▸ **Extracted data entries**
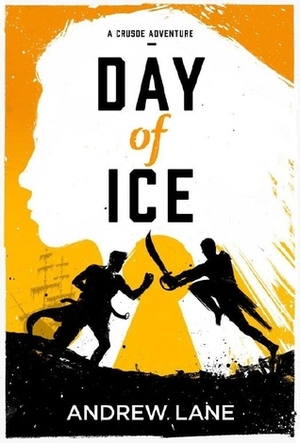 Day of Ice by Andrew Lane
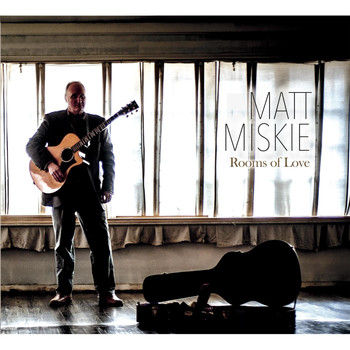 Matt Miskie - Rooms of Love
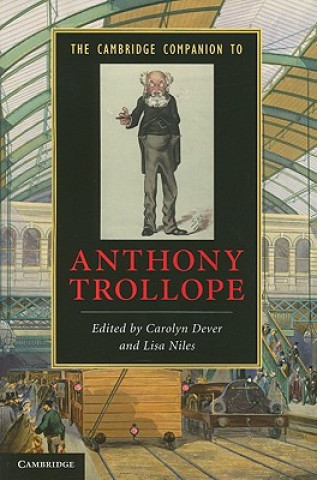 Книга Cambridge Companion to Anthony Trollope Carolyn Dever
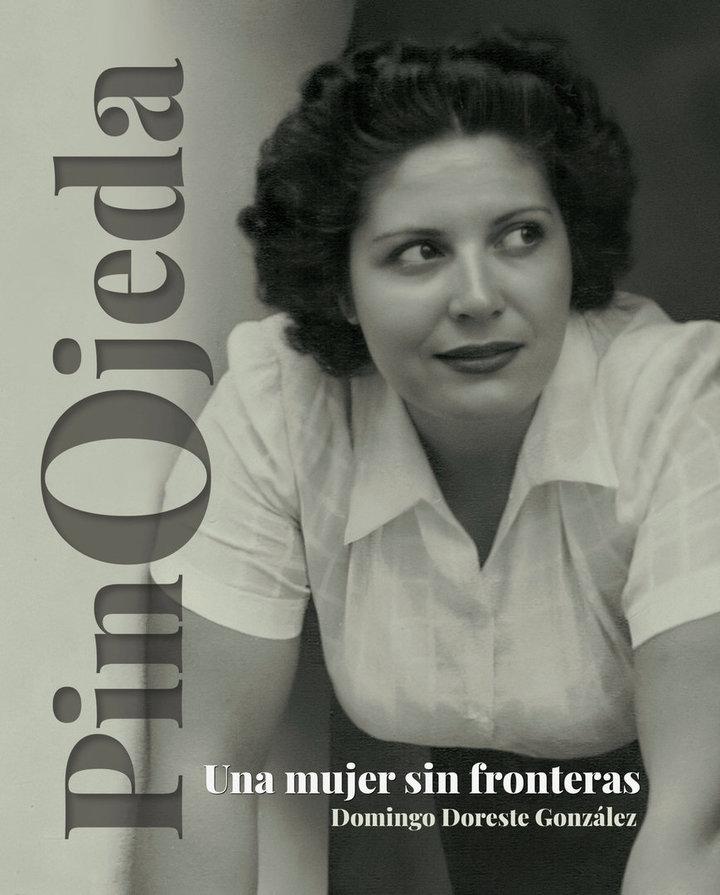 PINOJEDA: UNA MUJER SIN FRONTERAS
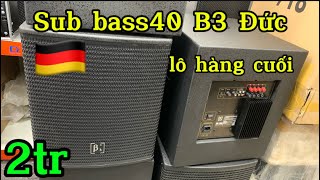 Xả Sub Bass40 B3 🇩🇪Hàng bãi Đức☎️083.825.8882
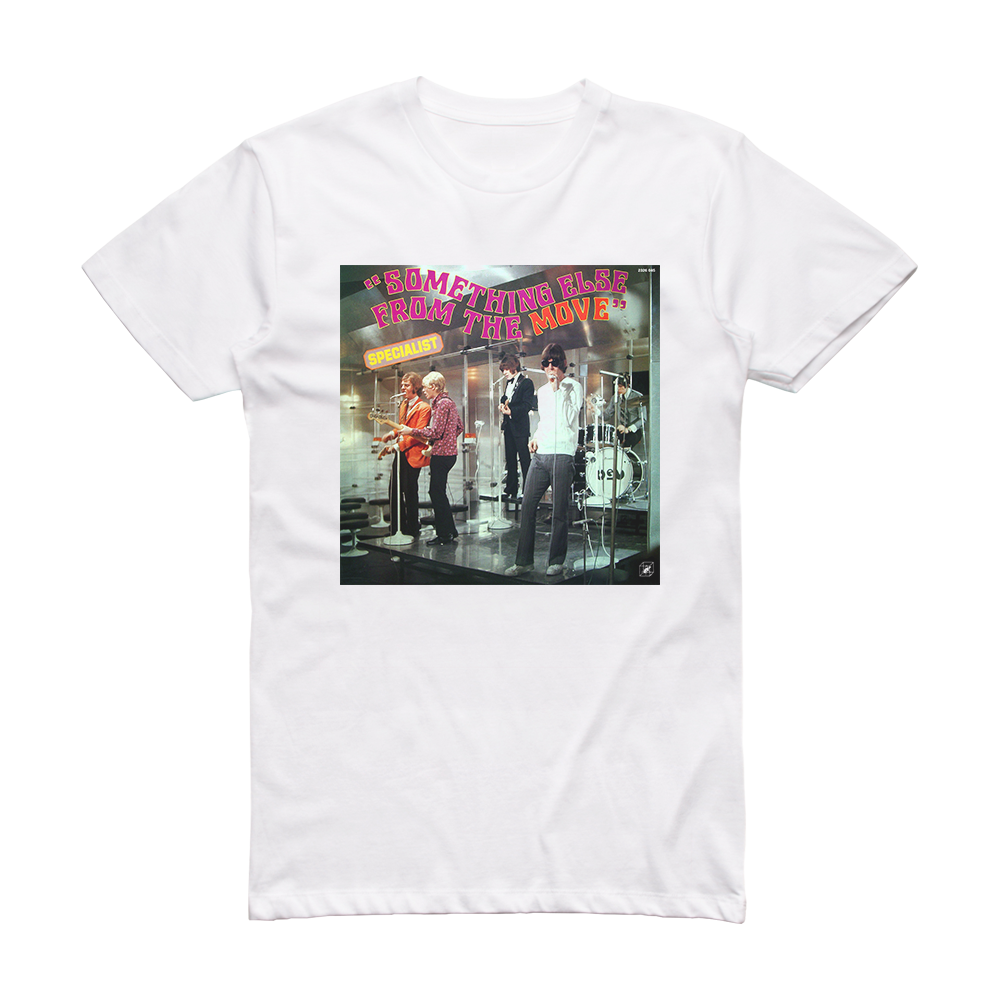 The Move Something Else From The Move Album Cover T-Shirt White – ALBUM ...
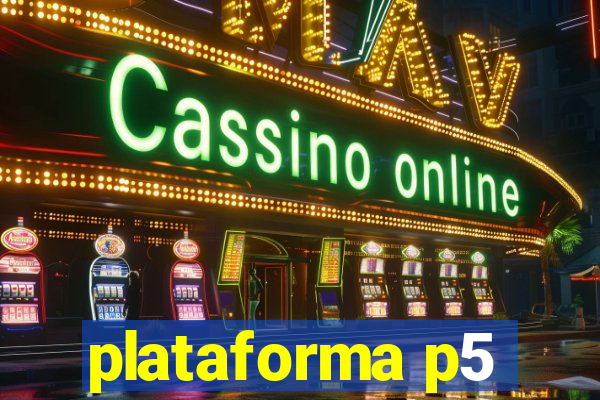 plataforma p5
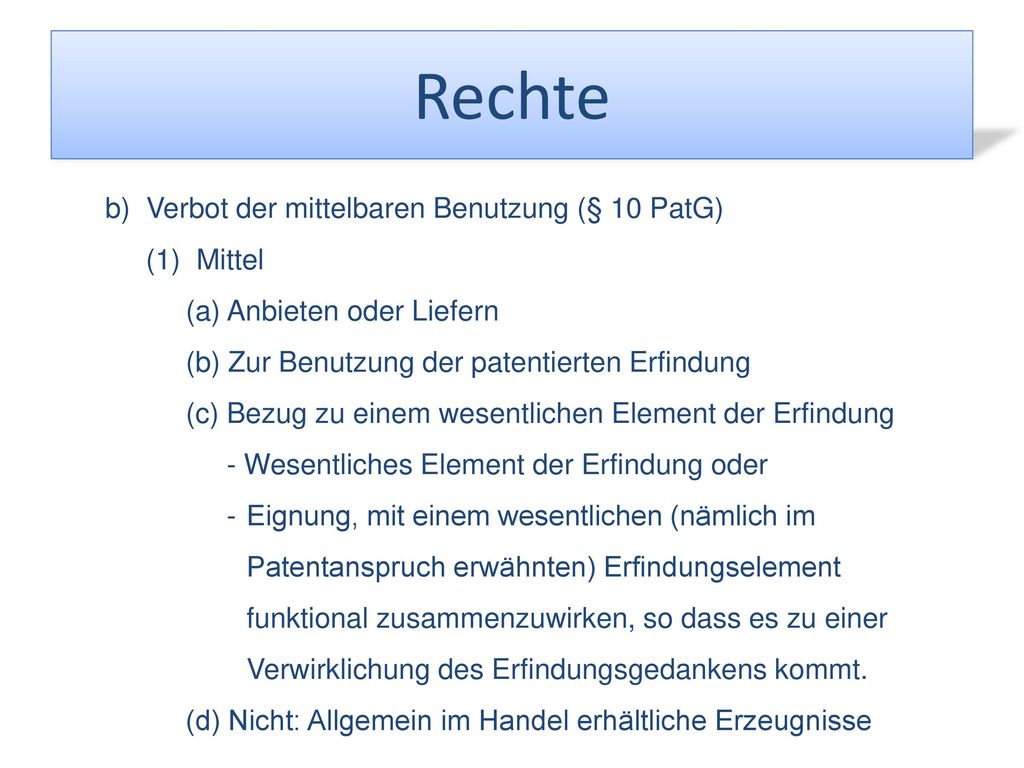 Rechte b) Verbot der mittelbaren Benutzung (§ 10 PatG) (1) Mittel
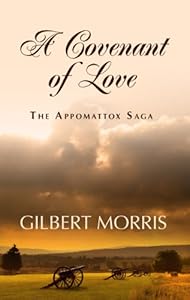 A Covenant of Love: 1840-1861 The Rocklin Family at the Dawn of the War Between the States by Gilbert Morris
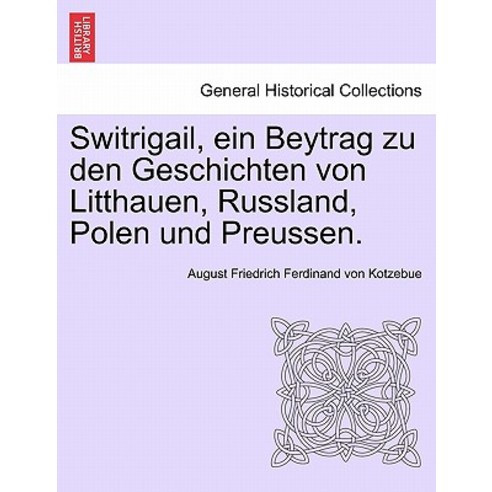 Switrigail Ein Beytrag Zu Den Geschichten Von Litthauen Russland Polen Und Preussen. Paperback, British Library, Historical Print Editions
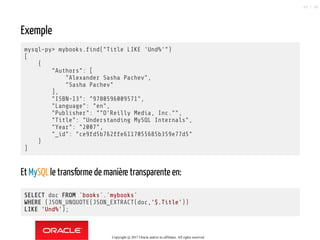 Exemple
mysql-py> mybooks. nd("Title LIKE 'Und%'")
[
{
"Authors": [
"Alexander Sasha Pachev",
"Sasha Pachev"
],
"ISBN-13": "9780596009571",
"Language": "en",
"Publisher": ""O'Reilly Media, Inc."",
"Title": "Understanding MySQL Internals",
"Year": "2007",
"_id": "ce9fd5b762ffe6117055685b359e77d5"
}
]
EtMySQLle transforme de manière transparente en:
SELECT doc FROM `books`.`mybooks`
WHERE (JSON_UNQUOTE(JSON_EXTRACT(doc,'$.Title'))
LIKE 'Und%');
Copyright @ 2017 Oracle and/or its affiliates. All rights reserved.
83 / 90
 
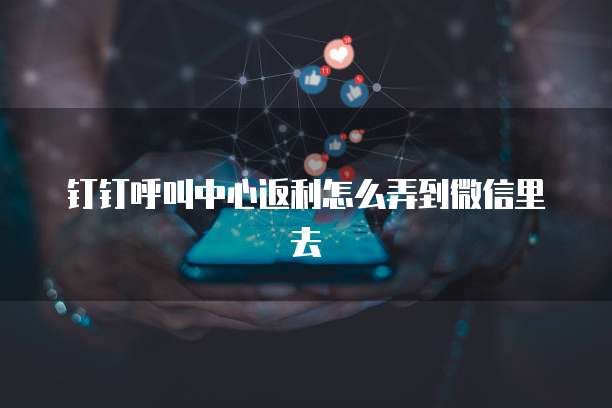 钉钉呼叫中心返利怎么弄到微信里去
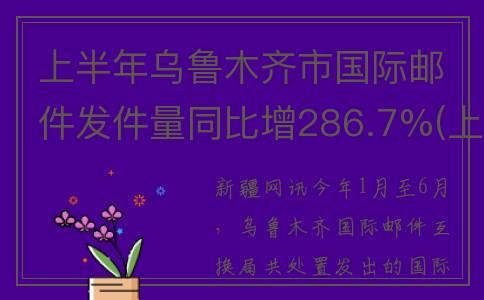 上半年乌鲁木齐市国际邮件发件量同比增286.7%(上半年乌鲁木齐金融存款)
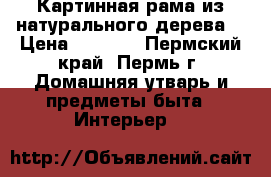 Картинная рама из натурального дерева. › Цена ­ 1 500 - Пермский край, Пермь г. Домашняя утварь и предметы быта » Интерьер   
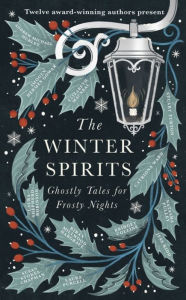 E book for free download The Winter Spirits: Ghostly Tales for Frosty Nights (English literature) 9781408727584  by Bridget Collins, Imogen Hermes Gowar, Natasha Pulley, Kiran Millwood Hargrave, Jess Kidd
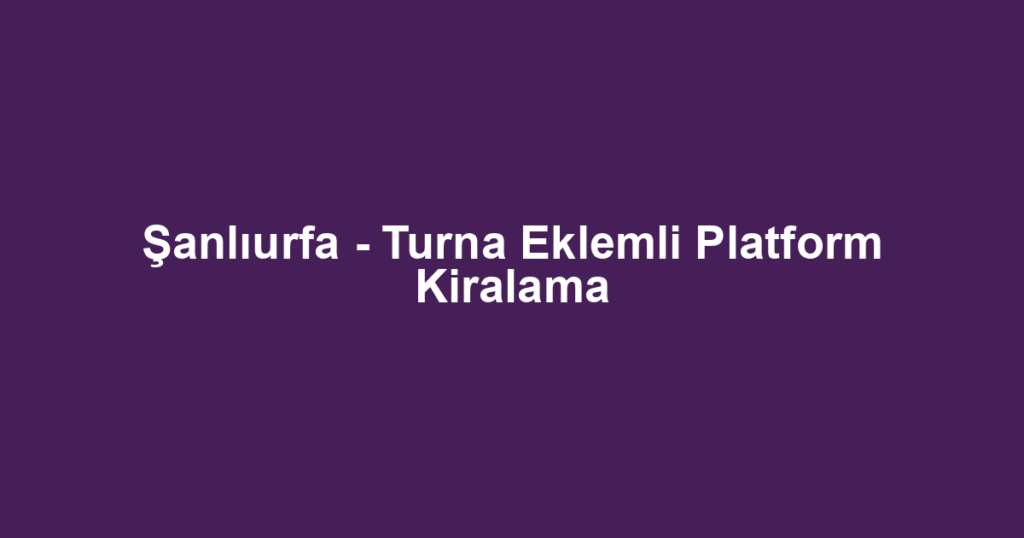 Şanlıurfa - Turna Eklemli Platform Kiralama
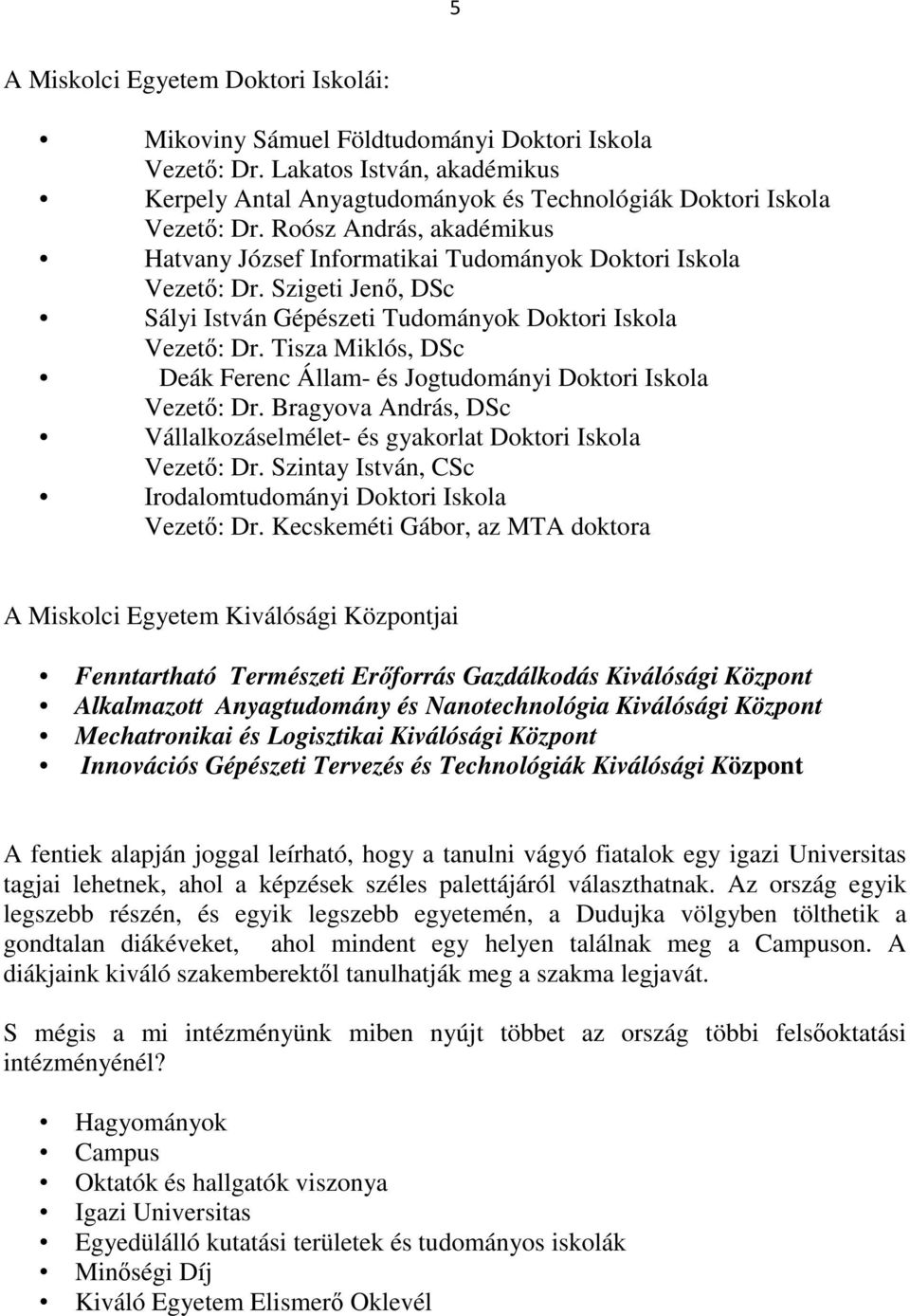 Tisza Miklós, DSc Deák Ferenc Állam- és Jogtudományi Doktori Iskola Vezető: Dr. Bragyova András, DSc Vállalkozáselmélet- és gyakorlat Doktori Iskola Vezető: Dr.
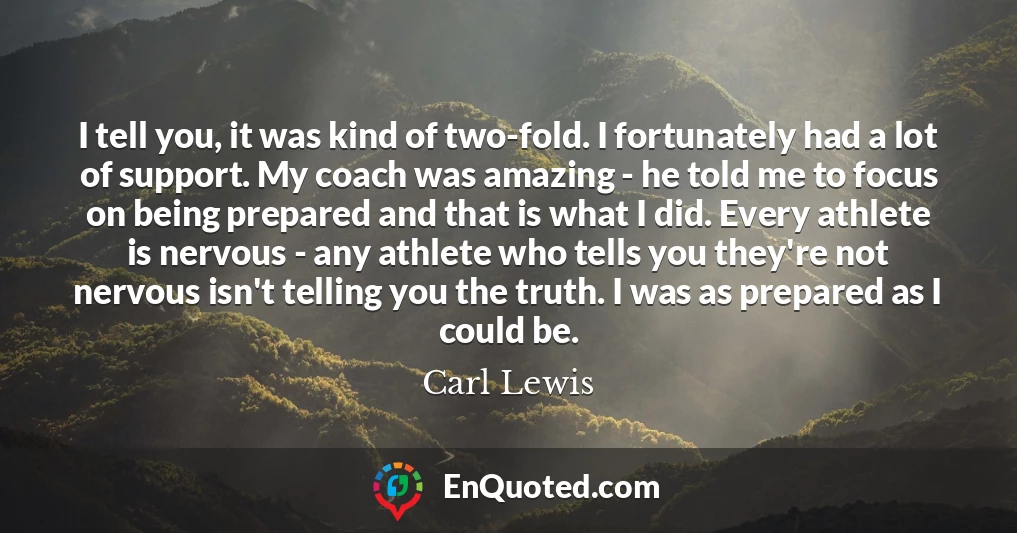 I tell you, it was kind of two-fold. I fortunately had a lot of support. My coach was amazing - he told me to focus on being prepared and that is what I did. Every athlete is nervous - any athlete who tells you they're not nervous isn't telling you the truth. I was as prepared as I could be.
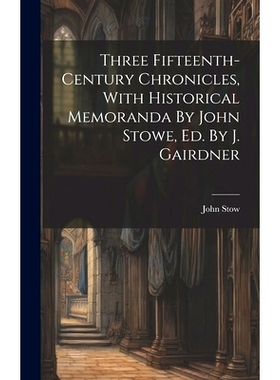 预订 Three Fifteenth-century Chronicles, With Historical Memoranda By John Stowe, Ed. By J. Gairdner: 9781019647271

▸ **Problem statement**
Look through the entries above; copy every line holding the string "Title".

▸ **Result of this exercise**
mysql-py> mybooks. nd("Title LIKE 'Und%'")
"Title": "Understanding MySQL Internals",
WHERE (JSON_UNQUOTE(JSON_EXTRACT(doc,'$.Title'))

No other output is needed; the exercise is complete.